▶ _What the exercise asks_:
Examine each line of the listing below. Copy those in which the string "Almost" appears.

▶ _Records shown_:
******

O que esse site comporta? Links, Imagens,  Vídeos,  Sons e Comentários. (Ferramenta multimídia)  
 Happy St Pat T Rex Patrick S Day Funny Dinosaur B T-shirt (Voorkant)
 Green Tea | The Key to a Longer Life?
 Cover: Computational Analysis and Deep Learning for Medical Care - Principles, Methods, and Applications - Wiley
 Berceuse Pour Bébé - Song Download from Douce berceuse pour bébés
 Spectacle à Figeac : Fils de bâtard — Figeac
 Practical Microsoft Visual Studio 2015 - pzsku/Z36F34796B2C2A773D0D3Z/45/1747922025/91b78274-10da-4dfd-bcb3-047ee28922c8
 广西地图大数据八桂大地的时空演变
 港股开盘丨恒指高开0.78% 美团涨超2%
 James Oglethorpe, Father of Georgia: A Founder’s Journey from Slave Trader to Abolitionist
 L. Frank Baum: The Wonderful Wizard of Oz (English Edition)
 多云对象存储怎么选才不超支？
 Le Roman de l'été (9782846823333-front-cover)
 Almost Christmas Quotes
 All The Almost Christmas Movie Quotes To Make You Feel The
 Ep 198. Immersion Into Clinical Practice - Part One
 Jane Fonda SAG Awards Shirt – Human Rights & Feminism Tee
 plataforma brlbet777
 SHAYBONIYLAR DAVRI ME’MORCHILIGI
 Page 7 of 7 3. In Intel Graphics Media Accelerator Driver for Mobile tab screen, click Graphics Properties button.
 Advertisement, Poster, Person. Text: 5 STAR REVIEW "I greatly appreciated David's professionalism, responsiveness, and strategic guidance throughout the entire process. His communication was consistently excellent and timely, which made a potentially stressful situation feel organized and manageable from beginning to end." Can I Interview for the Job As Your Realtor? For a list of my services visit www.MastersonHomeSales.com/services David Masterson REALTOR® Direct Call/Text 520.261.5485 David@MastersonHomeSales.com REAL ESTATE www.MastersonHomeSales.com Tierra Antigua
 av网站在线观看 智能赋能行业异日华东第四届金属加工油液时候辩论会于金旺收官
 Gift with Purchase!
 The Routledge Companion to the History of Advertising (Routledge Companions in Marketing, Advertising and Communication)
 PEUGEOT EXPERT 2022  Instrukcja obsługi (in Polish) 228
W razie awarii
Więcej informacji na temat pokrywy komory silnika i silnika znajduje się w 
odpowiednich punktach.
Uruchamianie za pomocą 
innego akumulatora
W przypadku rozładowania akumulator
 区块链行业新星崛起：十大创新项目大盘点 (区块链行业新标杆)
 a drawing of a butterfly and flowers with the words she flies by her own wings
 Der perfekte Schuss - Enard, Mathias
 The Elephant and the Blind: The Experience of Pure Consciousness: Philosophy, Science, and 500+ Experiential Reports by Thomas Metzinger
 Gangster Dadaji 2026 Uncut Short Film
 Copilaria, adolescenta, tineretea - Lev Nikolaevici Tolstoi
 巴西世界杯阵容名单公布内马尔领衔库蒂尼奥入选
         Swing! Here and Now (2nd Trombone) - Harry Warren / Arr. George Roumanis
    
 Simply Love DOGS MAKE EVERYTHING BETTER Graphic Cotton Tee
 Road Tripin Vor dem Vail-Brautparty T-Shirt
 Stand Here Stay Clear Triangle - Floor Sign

******

▶ _Result_:
 Almost Christmas Quotes
 All The Almost Christmas Movie Quotes To Make You Feel The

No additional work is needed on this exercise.